Hump yards work by using a small hill over which cars are pushed, before being released down a slope and switched automatically into cuts of cars, ready to be made into outbound trains. UP's active humps include:[11]

Union Pacific Police Department


Union Pacific maintains a functioning police department staffed with Special Agents with jurisdiction over crimes against the railroad. Special Agents have federal and state arrest powers and can enforce laws even off railroad property in most states where the railroad operates. Special Agents typically investigate major incidents such as derailments, sabotage, grade crossing accidents, and hazardous material accidents and minor issues such as trespassing on the railroad right of way, vandalism/graffiti, and theft of company property or customer product.

Special Agents often coordinate with local, state, and federal law enforcement on issues concerning the railroad and are dispatched nationally through UP Headquarters in Omaha. The UP Police Department and the term "Special Agent" were models for the FBI when it was created in 1907.

Union Pacific Railroad Museum

The Union Pacific Railroad Museum

The Union Pacific Railroad Museum in Council Bluffs, Iowa, houses one of the oldest corporate collections in the nation. It includes artifacts, photographs, and documents that trace the development of the railroad and the American West.

The completion of Union Pacific’s transcontinental railroad in 1869 helped shape the landscape and geography and brought tens of thousands of westward-bound immigrants to the American West.

The museum’s collection features weapons from the late 19th and 20th centuries, outlaw paraphernalia, a sampling of the immigrants’ possessions, and a photograph collection comprising more than 500,000 images.[12]

In 2009, the America’s Power Factuality Tour stopped at the Union Pacific Railroad Museum to report on the railroad’s role in generating electricity in the United States.[13]

Locomotive and rolling stock

Paint and colors

Union Pacific #9214, a GE Dash 8-40C, shows the standard UP diesel locomotive livery on May 10, 1991.

UP's basic paint scheme for its diesel-electric locomotives is the oldest still in use by a major railroad.
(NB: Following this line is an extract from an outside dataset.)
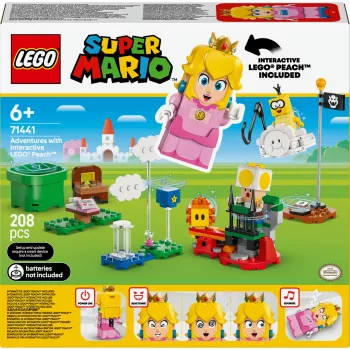 Zestaw konstrukcyjny LEGO 71441 Super Mario Interaktywna figurka LEGO Peach, kompatybilny z systemem LEGO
The bottom two-thirds of the locomotive body is painted Armour Yellow, so-named because it was the color used by the Armour meat company. A thin band of red divides this from the Harbor Mist Gray (a fairly light gray) used for the body and roof above that point. A red line is also painted at the bottom of the locomotive body, but this color has gradually become yellow as new Federal Railroad Administration (FRA) regulations for reflectorized tape came into effect in 2005; the trucks, underframe, fuel tanks and everything else beneath that line are also Harbor Mist Gray. Lettering and numbering are in red, with black outlines. Some locomotives (historically passenger locomotives, and some recent units from 2000 on) have white-outlined blue "wings" on the nose. More recently, some units have been repainted with a large, billowing Stars and Stripes with the corporate motto "Building America" on the side, where the 'UNION PACIFIC' lettering is normally positioned. This paint scheme is known as "Building America," "Wings," or "Flags and Flares."

The first version of this scheme was used on the UP's streamlined trains in the 1940s, although a brown was used instead of grey. Passenger cars, cabooses, and other non-freight equipment have also been painted in a similar fashion.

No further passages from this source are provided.